Cette situation n’a pas débouché sur d’intenses mobilisations sociales. Les protestations collectives les plus courantes sont marquées par leur caractère éphémère. L’exaspération des habitants les conduit parfois à bloquer la circulation automobile sur les grands axes près de leurs résidences, ou à manifester à proximité des lieux du pouvoir. Ces événements passent relativement inaperçus, donnant lieu au mieux à un entrefilet dans la presse locale. De même, les thématiques d’accès à l’eau et à l’assainissement ne sont guère débattues dans les campagnes électorales. Seul le Ministère public [7] se révèle plus actif sur ces questions avec des rapports et des injonctions aux pouvoirs publics de faire respecter la loi, et notamment de faire payer pour l’usage des eaux souterraines.

Cette absence de mobilisation s’explique par l’inertie provoquée par les décennies de mauvais fonctionnement du réseau public et par les alternatives qui se sont développées. Le Pernambuco se positionne ainsi aujourd’hui comme le second État fédéré du Brésil en matière de production d’eau embouteillée. Cette production présente une large gamme de bonbonnes de 20 litres (courantes dans tous les milieux sociaux ; cf. figure 5), dont les prix varient fortement suivant les marques. De même, de nombreuses entreprises de livraison par camion-citernes (cf. figure 6) continuent à fonctionner, alors même que l’application de la loi sur les débits maximaux des puits aurait dû conduire à leur interdiction. D’autres secteurs florissants (machines de désalinisation par osmose inverse, entretien des puits, distribution de l’eau à domicile, etc.) pâtiraient de l’application de la loi.

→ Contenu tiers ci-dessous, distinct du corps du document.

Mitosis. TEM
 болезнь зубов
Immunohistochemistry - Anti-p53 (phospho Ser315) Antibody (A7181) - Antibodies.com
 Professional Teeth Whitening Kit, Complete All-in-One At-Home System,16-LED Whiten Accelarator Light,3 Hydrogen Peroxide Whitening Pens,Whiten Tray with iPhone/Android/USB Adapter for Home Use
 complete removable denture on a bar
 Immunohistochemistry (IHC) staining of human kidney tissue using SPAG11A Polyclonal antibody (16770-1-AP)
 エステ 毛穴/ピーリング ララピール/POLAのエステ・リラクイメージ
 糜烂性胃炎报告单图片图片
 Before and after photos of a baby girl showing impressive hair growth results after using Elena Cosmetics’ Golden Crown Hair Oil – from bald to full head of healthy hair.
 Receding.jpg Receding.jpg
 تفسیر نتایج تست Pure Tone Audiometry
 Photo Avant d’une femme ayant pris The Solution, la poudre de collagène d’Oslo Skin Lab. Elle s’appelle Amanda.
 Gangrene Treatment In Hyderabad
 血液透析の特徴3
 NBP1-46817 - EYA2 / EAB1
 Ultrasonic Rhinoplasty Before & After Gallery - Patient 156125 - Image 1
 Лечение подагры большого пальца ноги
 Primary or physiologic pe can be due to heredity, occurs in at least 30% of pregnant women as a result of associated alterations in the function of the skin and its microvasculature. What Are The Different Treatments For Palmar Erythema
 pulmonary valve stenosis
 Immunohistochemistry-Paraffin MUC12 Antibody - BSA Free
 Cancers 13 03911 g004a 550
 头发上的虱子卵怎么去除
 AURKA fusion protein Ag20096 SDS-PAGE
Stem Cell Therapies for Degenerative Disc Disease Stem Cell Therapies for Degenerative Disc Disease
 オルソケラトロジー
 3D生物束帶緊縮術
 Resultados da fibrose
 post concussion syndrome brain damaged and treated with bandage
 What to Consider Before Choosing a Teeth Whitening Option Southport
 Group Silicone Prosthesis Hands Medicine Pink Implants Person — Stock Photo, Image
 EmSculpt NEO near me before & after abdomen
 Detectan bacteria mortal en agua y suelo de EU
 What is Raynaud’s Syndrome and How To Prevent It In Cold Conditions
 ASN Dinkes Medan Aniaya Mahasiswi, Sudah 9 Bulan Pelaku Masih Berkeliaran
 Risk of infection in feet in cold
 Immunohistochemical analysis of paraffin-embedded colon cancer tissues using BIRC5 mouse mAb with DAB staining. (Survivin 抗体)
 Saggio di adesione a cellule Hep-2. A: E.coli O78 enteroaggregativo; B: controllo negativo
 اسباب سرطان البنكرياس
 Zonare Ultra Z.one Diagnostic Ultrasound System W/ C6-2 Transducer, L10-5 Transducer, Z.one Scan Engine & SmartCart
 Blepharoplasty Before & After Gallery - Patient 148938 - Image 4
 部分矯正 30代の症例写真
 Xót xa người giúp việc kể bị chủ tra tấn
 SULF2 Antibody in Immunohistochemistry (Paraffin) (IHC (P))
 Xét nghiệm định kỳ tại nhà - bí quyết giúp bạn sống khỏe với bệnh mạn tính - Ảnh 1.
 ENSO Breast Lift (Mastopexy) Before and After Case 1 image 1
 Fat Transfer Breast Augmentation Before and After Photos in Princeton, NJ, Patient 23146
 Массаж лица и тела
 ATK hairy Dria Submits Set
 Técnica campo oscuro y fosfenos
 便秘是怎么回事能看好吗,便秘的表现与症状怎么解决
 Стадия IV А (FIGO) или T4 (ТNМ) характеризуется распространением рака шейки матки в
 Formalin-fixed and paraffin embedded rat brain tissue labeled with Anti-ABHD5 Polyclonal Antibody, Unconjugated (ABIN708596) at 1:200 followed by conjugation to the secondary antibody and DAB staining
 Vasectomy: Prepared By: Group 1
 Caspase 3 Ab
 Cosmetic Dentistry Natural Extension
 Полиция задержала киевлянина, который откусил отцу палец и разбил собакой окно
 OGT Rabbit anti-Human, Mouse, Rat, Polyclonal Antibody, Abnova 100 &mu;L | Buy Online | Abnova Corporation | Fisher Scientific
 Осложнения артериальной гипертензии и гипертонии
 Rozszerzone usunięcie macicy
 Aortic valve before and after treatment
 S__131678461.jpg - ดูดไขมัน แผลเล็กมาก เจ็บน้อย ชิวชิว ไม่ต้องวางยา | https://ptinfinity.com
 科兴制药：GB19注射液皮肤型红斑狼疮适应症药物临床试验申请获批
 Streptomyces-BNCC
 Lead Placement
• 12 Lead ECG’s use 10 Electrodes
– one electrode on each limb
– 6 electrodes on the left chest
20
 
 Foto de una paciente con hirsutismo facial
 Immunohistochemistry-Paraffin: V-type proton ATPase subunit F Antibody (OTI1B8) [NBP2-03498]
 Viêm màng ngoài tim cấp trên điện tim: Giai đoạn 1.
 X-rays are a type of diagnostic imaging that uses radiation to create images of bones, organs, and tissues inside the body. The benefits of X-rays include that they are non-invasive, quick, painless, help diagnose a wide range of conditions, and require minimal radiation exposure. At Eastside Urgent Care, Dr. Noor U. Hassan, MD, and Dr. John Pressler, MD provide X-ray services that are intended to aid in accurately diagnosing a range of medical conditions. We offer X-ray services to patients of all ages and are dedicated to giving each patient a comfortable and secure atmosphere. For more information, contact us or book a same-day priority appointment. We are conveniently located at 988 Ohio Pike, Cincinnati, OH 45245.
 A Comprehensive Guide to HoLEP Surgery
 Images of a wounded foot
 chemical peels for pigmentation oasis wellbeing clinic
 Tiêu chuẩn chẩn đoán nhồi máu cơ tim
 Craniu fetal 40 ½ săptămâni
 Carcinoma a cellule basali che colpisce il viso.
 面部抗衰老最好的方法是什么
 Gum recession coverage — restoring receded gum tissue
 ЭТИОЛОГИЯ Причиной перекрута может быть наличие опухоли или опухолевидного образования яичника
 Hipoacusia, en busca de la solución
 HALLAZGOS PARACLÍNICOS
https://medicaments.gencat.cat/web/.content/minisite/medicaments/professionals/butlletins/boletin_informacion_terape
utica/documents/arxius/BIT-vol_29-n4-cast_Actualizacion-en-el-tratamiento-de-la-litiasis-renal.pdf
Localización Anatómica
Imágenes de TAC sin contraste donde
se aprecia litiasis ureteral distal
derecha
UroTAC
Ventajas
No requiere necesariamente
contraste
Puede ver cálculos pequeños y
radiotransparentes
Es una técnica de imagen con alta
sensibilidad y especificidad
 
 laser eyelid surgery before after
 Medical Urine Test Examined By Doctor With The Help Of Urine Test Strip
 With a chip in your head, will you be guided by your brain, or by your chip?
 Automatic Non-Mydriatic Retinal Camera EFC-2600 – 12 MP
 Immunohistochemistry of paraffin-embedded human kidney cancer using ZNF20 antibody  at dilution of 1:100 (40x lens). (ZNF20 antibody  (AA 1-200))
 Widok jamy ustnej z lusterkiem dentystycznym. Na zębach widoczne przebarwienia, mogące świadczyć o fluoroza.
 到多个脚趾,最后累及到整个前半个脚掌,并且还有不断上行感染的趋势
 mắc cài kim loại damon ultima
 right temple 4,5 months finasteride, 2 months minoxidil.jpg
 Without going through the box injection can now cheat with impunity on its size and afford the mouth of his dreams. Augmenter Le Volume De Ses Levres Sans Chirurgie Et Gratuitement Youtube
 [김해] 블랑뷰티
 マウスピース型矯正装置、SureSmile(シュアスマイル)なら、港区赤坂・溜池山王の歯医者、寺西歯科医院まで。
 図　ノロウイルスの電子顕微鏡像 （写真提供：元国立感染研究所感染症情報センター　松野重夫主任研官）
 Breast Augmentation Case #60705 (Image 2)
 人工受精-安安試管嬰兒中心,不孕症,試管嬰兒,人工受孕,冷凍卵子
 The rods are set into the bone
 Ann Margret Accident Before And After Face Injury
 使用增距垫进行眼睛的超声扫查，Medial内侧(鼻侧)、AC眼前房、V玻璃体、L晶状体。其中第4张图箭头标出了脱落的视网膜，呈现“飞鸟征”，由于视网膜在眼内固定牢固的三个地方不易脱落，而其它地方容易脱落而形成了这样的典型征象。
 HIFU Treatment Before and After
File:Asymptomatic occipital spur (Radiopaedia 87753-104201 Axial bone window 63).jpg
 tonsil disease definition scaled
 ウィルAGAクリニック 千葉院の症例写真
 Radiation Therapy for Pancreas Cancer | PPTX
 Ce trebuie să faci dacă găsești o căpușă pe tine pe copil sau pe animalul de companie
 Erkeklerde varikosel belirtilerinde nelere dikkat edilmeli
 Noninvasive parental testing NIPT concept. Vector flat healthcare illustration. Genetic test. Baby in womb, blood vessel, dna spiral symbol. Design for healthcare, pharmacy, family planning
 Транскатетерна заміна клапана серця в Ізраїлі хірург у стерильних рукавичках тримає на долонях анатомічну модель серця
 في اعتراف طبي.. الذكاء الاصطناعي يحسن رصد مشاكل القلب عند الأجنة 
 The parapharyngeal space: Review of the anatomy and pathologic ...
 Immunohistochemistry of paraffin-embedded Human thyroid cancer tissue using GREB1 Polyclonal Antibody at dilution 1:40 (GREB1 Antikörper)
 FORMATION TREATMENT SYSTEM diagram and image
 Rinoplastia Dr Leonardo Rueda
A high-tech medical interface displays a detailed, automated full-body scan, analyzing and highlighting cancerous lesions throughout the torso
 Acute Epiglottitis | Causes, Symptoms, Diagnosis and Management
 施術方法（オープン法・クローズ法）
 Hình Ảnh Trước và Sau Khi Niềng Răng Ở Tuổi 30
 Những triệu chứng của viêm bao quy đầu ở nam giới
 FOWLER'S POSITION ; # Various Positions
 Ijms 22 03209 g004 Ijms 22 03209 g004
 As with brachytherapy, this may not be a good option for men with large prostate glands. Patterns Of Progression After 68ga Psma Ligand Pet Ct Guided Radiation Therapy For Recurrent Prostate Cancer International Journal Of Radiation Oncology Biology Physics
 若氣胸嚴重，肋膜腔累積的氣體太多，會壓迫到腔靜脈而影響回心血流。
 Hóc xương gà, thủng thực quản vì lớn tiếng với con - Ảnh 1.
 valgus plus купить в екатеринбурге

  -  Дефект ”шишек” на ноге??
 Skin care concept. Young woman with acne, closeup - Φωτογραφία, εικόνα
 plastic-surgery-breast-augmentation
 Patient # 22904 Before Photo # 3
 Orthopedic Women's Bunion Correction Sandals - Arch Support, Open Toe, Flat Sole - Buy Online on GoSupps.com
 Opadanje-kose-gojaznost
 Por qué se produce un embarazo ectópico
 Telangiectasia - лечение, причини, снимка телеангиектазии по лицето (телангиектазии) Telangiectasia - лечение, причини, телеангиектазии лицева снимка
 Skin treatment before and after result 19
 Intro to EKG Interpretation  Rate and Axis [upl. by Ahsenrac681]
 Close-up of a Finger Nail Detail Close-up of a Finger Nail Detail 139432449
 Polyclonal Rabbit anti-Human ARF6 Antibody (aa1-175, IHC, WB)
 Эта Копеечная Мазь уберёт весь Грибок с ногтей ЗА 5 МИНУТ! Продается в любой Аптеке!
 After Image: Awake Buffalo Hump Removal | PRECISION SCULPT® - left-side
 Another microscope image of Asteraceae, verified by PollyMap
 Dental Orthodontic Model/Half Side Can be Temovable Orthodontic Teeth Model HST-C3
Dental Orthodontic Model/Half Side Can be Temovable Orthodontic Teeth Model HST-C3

Figure 5. Bonbonnes dans le centre de Recife

© Et Giglio.

Figure 6. Camion-citerne, favela Coqueiral, à Imbiribeira

© Et Giglio.

Une gouvernance ambivalente

À Recife et dans l’État du Pernambuco, l’émiettement des acteurs impliqués dans la gestion de l’eau est marquant et les transformations de la gouvernance sont significatives, à l’instar du reste du Brésil (Britto et Formiga 2009) ou d’autres régions du monde (Jaglin et Zérah 2010). L’eau apparaît dans les registres d’action d’au moins quatre ministères centraux et de leurs alter ego régionaux et municipaux (ressources hydriques, santé, assainissement, environnement), ce qui démultiplie acteurs et projets non concertés. Cette fragmentation a longtemps freiné les actions à l’échelle métropolitaine, les acteurs méconnaissant, en outre, leurs compétences.

De nouvelles réglementations ont cependant récemment été mises en place, avec la création d’agences destinées à contrôler l’usage des eaux souterraines, et l’application d’un zonage interdisant de nouveaux forages dans les zones les plus sensibles. Leur adoption a été en partie la conséquence d’exigences externes (éligibilité aux financements internationaux) et les sanctions demeurent rarissimes. Cette situation, au-delà d’explications très générales sur la différence entre pays réel et pays légal, renvoie en partie à l’illégitimité de l’État en la matière. Puisque cela fait plusieurs décennies que les pouvoirs publics n’ont pas été en mesure d’assurer l’approvisionnement en eau, il leur est difficile de sanctionner les solutions alternatives qui se développent d’autant plus qu’ils les mettent eux-mêmes fortement à contribution (nombre d’écoles et de crèches publiques dépendent ainsi d’approvisionnement par camions-citernes et par puits).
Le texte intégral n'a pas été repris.